A big part of summer movie madness isn’t just the films, but the press hoopla that precedes them, with stars traveling the globe and high-fiving fans and journalists everywhere to help drum up support for their blockbuster. But one curious absence from the festivities over the coming week will be Jim Carrey, as he’s publicly declared he won’t be making the rounds for “Kick-Ass 2.”
“I did Kickass a month b4 Sandy Hook and now in all good conscience I cannot support that level of violence,” Carrey tweeted over the weekend. “My apologies to others involved with the film. I am not ashamed of it but recent events have caused a change in my heart.”
In the comic book sequel, Carrey plays Colonel Stars & Stripes, a rough and tumble costumed vigilante who forms Justice Forever, a band of heroes that Kick-Ass is recruited into. And in the trailers thus far, Carrey looks to have really relished the part, biting into it with a wacky accent and bringing his larger-than-life personality to the proceedings, albeit in a way that suits the tongue-in-cheek mega violence of “Kick-Ass.” However, it seems the actor is still reeling from Sandy Hook, and perhaps it’s no surprise given his vocal advocacy for gun control (watch here), and certainly creator and writer Mark Millar is a bit confused, but respectful, but still kinda confused about Carrey’s stance. Here’s the full statement he posted on Millarworld.
First off, I love Jim Carrey. When producer Matthew Vaughn and director Jeff Wadlow called me up and suggested we do a conference call with him to talk about the sequel to the 2010 original I was genuinely excited. Like you, I love Eternal Sunshine, Man on the Moon and The Truman Show. Carrey is an actor like no other, an unpredictable force of nature who brings a layered warmth and humanity to his work as well as that unstoppable energy he’s always been renowned for.
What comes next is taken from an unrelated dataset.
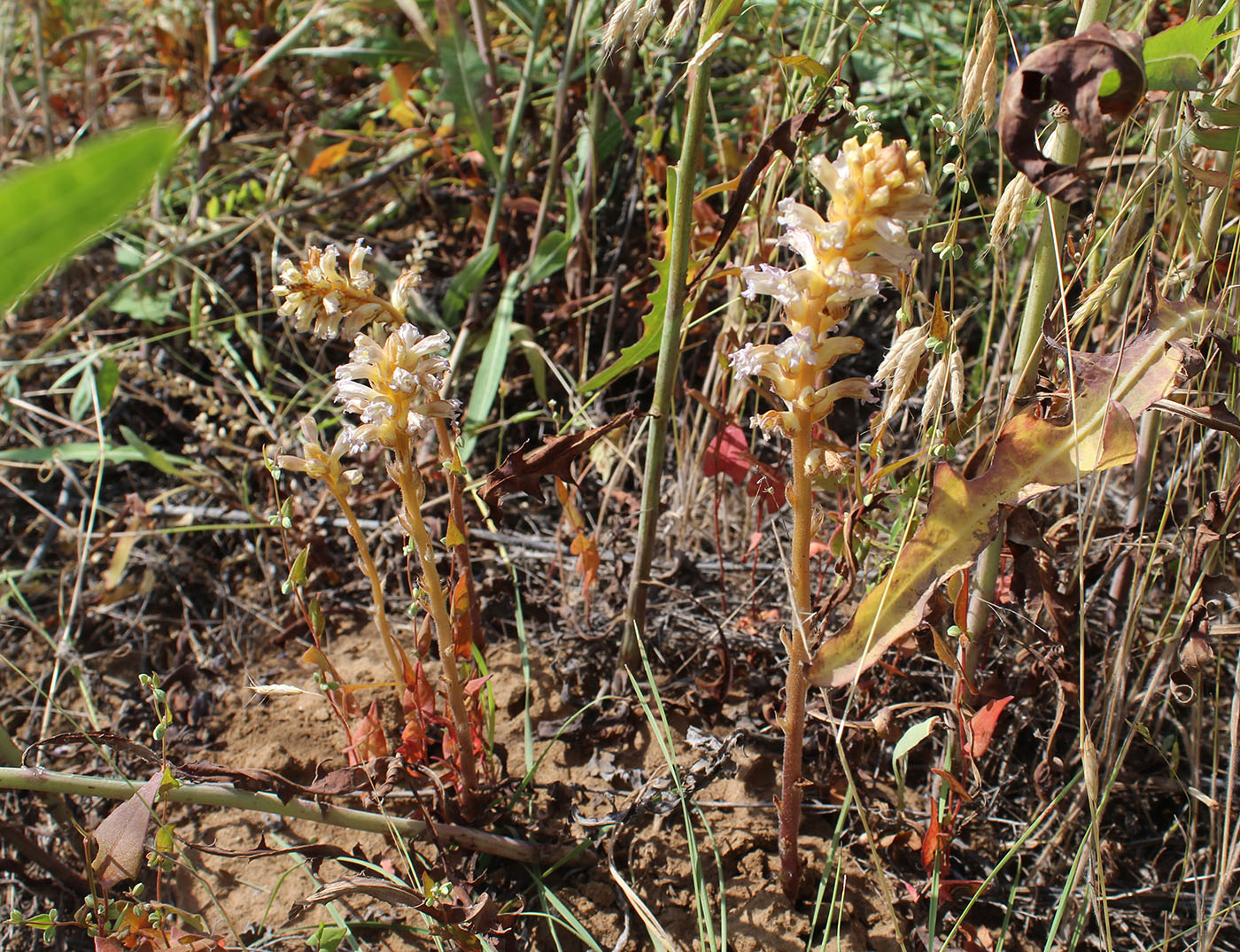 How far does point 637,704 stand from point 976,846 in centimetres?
56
He had lunch with Matthew around the time of the first movie and dug it so much he appeared that night on Conan O’Brien DRESSED as Kick-Ass, singing a duet with Conan dressed as Superman. Vaughn and I made a mental note to work with this guy as soon as possible as we’re both huge admirers.
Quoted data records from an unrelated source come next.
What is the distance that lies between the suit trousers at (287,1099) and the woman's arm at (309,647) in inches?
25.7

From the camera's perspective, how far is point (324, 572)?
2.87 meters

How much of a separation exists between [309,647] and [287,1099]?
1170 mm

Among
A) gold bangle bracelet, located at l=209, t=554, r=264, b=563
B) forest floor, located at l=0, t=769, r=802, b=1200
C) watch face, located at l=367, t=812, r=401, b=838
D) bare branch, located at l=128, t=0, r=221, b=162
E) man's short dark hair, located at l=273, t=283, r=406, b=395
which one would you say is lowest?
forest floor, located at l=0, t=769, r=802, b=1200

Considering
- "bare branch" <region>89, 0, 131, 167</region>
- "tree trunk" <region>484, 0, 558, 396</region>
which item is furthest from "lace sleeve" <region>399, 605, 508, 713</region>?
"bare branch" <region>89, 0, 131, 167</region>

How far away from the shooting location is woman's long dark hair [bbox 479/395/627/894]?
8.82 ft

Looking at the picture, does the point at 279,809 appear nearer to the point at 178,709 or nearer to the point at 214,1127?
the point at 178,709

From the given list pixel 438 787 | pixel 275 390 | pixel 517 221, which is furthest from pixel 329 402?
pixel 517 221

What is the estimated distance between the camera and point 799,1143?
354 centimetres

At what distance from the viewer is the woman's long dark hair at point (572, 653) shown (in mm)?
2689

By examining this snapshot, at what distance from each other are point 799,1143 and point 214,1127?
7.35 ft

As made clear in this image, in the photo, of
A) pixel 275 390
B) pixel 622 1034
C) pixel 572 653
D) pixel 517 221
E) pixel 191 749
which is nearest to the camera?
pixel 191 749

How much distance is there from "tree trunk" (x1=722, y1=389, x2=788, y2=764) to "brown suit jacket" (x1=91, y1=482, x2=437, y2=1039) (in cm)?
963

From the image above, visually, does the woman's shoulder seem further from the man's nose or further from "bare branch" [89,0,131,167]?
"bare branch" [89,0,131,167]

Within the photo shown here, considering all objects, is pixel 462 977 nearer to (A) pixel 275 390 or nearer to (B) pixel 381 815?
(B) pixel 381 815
Cut to almost three years later and I’m sitting in a screening room in London watching what I think is one of Carrey’s best-ever performances. I’d seen Kick-Ass 2 in many forms, but this was the absolute final cut complete with opening titles, music and a terrific post-credit sequence you’re all going to love. I couldn’t be happier with this picture. It’s as good as the original and in many ways BIGGER as it expands upon the universe and really takes things to the next level. There are a lot of stand-outs in the sequel, every actor really firing on full cylinders and an amazing script that moves like a rocket. But Carrey in particular is magnificent. He’s never done anything like this before and even from the trailer, with his masked dog sidekick specially trained to munch criminal balls, you can see that something really fun and special is happening here. Colonel Stars and Stripes is so charismatic and all his scenes are up there with Nic Cage’s amazing turn as Big Daddy in the original… which made it all the more surprising when Jim announced tonight that the gun-violence in Kick-Ass 2 has made him withdraw his support from the picture.
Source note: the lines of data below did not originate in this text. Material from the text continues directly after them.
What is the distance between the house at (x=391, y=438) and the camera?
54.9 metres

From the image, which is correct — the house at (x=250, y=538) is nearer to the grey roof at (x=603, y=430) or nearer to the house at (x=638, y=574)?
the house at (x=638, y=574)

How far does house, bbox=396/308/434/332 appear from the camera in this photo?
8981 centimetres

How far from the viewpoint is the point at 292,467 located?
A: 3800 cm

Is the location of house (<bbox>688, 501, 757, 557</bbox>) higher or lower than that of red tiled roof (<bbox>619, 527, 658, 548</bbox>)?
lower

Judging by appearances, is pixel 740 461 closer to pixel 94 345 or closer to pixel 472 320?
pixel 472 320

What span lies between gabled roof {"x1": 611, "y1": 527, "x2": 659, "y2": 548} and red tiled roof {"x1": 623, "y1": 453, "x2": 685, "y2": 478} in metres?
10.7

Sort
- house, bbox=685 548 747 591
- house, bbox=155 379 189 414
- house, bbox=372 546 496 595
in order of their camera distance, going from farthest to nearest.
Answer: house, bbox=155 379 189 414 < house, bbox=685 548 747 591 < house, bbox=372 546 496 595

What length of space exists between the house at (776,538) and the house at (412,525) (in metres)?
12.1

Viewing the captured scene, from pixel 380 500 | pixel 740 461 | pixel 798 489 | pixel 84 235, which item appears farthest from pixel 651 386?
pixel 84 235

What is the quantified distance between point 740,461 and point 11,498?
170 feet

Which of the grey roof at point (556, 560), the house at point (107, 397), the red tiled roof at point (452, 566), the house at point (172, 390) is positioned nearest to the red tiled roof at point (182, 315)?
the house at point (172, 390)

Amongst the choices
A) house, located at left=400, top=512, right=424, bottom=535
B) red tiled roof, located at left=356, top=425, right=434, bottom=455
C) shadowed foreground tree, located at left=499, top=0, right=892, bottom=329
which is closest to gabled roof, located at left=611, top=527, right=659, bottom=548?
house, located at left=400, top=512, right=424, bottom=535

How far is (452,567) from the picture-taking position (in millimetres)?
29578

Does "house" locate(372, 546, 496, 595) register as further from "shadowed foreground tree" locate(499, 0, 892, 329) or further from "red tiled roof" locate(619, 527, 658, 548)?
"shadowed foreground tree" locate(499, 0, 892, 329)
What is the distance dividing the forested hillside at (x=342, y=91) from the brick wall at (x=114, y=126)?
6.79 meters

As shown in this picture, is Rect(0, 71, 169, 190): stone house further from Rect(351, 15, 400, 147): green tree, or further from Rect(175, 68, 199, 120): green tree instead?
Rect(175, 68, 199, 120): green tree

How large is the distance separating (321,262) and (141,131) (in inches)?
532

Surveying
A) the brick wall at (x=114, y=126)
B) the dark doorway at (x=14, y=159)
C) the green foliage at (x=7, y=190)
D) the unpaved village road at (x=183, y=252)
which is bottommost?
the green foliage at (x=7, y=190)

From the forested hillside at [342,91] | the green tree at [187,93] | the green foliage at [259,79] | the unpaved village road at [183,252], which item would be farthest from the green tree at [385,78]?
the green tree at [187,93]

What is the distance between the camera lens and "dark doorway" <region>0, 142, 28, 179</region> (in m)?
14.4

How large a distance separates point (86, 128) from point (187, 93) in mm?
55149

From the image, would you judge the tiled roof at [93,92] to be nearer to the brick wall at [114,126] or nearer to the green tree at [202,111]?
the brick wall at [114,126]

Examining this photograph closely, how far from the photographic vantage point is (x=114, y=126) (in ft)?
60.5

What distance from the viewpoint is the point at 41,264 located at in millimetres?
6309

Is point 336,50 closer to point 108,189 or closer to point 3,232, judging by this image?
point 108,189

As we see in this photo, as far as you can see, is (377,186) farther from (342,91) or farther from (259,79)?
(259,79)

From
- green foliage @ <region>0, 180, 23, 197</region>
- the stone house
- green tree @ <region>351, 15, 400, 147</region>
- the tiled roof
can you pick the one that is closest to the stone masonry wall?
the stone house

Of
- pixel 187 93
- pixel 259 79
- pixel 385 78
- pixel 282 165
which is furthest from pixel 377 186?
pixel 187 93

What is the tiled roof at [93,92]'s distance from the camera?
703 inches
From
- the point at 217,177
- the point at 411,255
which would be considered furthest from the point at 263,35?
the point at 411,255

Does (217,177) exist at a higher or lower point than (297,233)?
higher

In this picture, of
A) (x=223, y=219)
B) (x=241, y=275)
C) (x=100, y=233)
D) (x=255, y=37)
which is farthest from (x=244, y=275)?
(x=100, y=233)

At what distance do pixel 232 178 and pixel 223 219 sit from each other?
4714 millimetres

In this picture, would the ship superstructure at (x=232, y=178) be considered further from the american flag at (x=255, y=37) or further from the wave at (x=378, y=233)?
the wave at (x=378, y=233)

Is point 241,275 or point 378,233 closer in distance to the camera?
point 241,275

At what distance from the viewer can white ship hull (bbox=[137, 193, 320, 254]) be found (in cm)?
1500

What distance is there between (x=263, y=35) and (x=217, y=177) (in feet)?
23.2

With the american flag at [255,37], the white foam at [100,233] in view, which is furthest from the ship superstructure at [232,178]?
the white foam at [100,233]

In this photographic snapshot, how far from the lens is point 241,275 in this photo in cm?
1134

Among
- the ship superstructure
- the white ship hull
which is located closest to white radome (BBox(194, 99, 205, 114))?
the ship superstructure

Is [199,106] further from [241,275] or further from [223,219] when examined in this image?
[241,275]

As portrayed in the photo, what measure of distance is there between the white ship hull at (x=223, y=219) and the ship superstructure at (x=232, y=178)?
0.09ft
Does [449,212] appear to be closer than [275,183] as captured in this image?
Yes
As you may know, Jim is a passionate advocate of gun-control and I respect both his politics and his opinion, but I’m baffled by this sudden announcement as nothing seen in this picture wasn’t in the screenplay eighteen months ago. Yes, the body-count is very high, but a movie called Kick-Ass 2 really has to do what it says on the tin. A sequel to the picture that gave us HIT-GIRL was always going to have some blood on the floor and this should have been no shock to a guy who enjoyed the first movie so much. My books are very hardcore, but the movies are adapted for a more mainstream audience and if you loved the tone of the first picture you’re going to eat this up with a big, giant spoon. Like Jim, I’m horrified by real-life violence (even though I’m Scottish), but Kick-Ass 2 isn’t a documentary. No actors were harmed in the making of this production! This is fiction and like Tarantino and Peckinpah, Scorcese and Eastwood, John Boorman, Oliver Stone and Chan-Wook Park, Kick-Ass avoids the usual bloodless body-count of most big summer pictures and focuses instead of the CONSEQUENCES of violence, whether it’s the ramifications for friends and family or, as we saw in the first movie, Kick-Ass spending six months in hospital after his first street altercation. Ironically, Jim’s character in Kick-Ass 2 is a Born-Again Christian and the big deal we made of the fact that he refuses to fire a gun is something he told us attracted him to the role in the first place.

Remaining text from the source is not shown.